**Dataset content**:

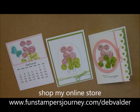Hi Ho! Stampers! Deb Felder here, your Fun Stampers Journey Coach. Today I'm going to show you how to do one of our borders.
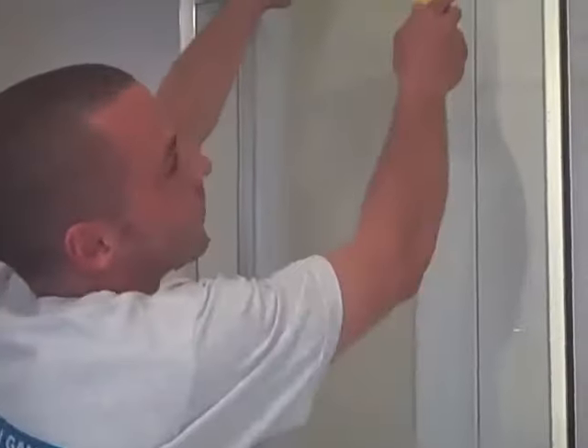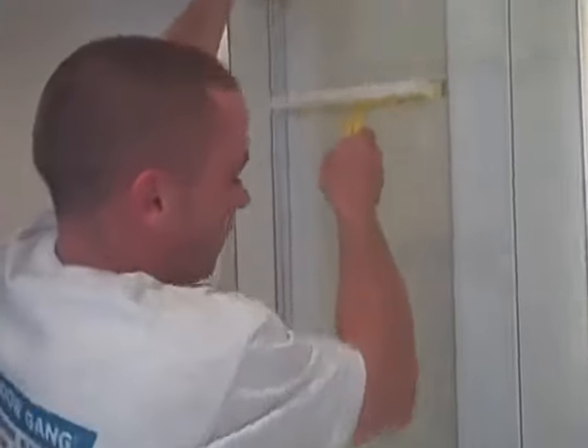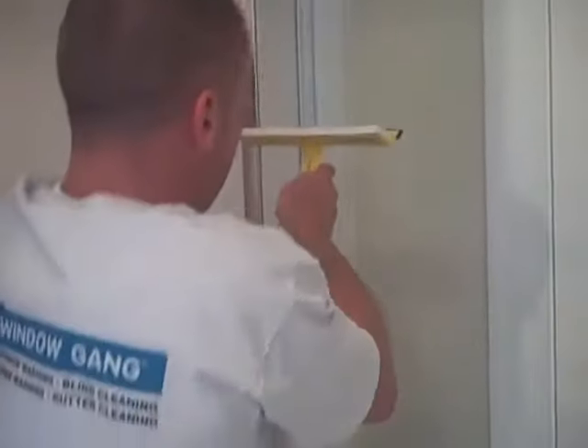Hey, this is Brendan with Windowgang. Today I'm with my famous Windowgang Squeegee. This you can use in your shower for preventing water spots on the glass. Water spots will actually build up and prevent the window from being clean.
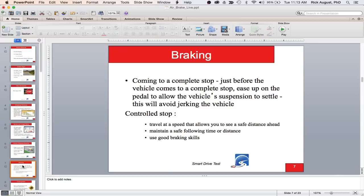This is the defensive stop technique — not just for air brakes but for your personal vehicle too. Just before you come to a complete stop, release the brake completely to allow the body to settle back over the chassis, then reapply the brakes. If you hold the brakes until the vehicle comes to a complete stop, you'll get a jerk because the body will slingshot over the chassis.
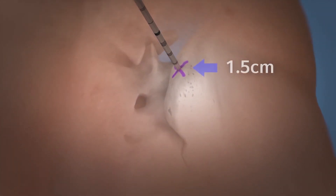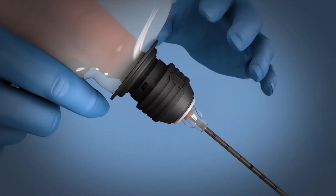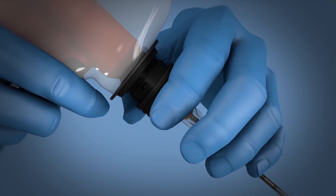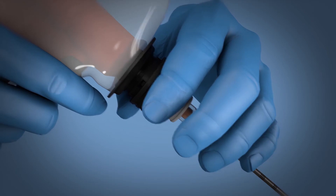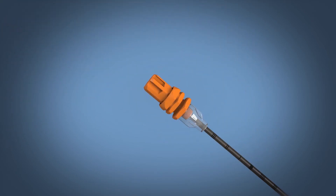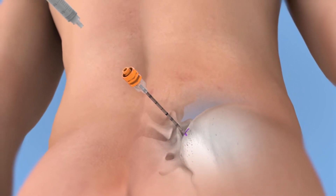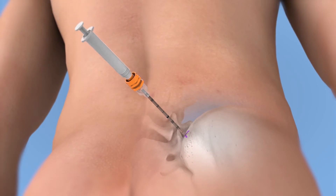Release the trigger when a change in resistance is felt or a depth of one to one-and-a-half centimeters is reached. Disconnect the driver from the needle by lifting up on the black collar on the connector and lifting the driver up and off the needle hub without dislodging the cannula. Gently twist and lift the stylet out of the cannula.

**The problem**:
Counting both ends, reproduce word for word the lines from the line with "This is the" to the final line of the listing above, skipping every picture.

**Output of the task**:
This is the defensive stop technique — not just for air brakes but for your personal vehicle too. Just before you come to a complete stop, release the brake completely to allow the body to settle back over the chassis, then reapply the brakes. If you hold the brakes until the vehicle comes to a complete stop, you'll get a jerk because the body will slingshot over the chassis.
Release the trigger when a change in resistance is felt or a depth of one to one-and-a-half centimeters is reached. Disconnect the driver from the needle by lifting up on the black collar on the connector and lifting the driver up and off the needle hub without dislodging the cannula. Gently twist and lift the stylet out of the cannula.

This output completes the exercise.